Implication (IF-THEN) connects a hypothesis $p$ to a conclusion $q$. The symbol is $\rightarrow$, so $p \rightarrow q$ reads "if p, then q." The tricky part: an implication is false in only one case, when $p$ is true and $q$ is false. If the hypothesis is false, the implication is automatically true regardless of $q$. This "vacuous truth" trips up a lot of students, so watch for it.

Biconditional (IF AND ONLY IF) is true exactly when both propositions share the same truth value (both true or both false). The symbol is $\leftrightarrow$, so $p \leftrightarrow q$ reads "p if and only if q."

Truth Table Representations of Logical Operators

</>Code
p | q | p ∧ q
T | T |   T
T | F |   F
F | T |   F
F | F |   F

</>Code
p | q | p ∨ q
T | T |   T
T | F |   T
F | T |   T
F | F |   F

</>Code
p | ¬p
T |  F
F |  T

</>Code
p | q | p → q
T | T |   T
T | F |   F
F | T |   T
F | F |   T

</>Code
p | q | p ↔ q
T | T |   T
T | F |   F
F | T |   F
F | F |   T

A helpful way to remember implication: the only "broken promise" is when you say "if p then q," p happens, and q doesn't. In every other scenario, the promise holds.

Truth Table Outcomes

Special Types of Compound Propositions

Once you've filled out a truth table, look at the final column. The pattern there tells you what type of compound proposition you're dealing with:

• A tautology is always true, no matter what truth values the components take. The final column is all T's. Classic example: $p \vee \neg p$ ("p or not p"). Every row evaluates to true.
• A contradiction is always false, regardless of the components. The final column is all F's. Classic example: $p \wedge \neg p$ ("p and not p"). No combination of values can make it true.
• A contingency is everything else: sometimes true, sometimes false, depending on the input values. Most compound propositions you'll encounter, like $p \rightarrow q$, are contingencies.
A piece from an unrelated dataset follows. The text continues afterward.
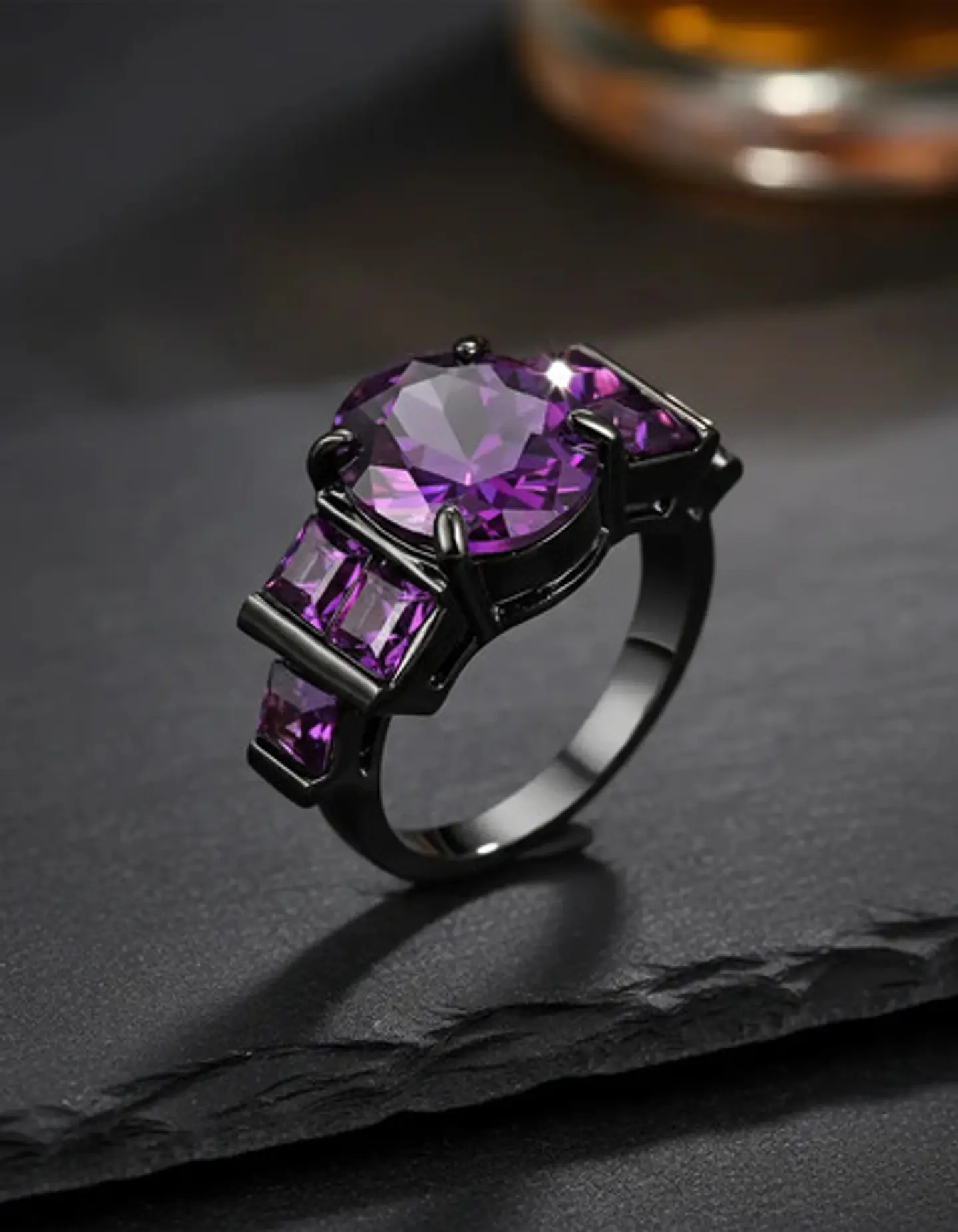 Anillo Vintage Moderno Para Mujeres Piedras Lujo Elegante 14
Analyzing and Applying Truth Table Outcomes

These three categories matter because they show up constantly in proofs and logical reasoning.

Tautologies are guaranteed truths, so they're used to establish logical laws. If you can show that an argument's structure is a tautology, you've proven the argument is valid. Contradictions signal logical inconsistency. If your reasoning leads to a contradiction, something in your assumptions must be wrong (this is the basis of proof by contradiction, which you'll see later). Contingencies remind you that a statement's truth depends on context; you can't assume it's always true or always false without more information.

When you're asked to classify a compound proposition, build the truth table and check the final column. All T's means tautology, all F's means contradiction, and a mix means contingency.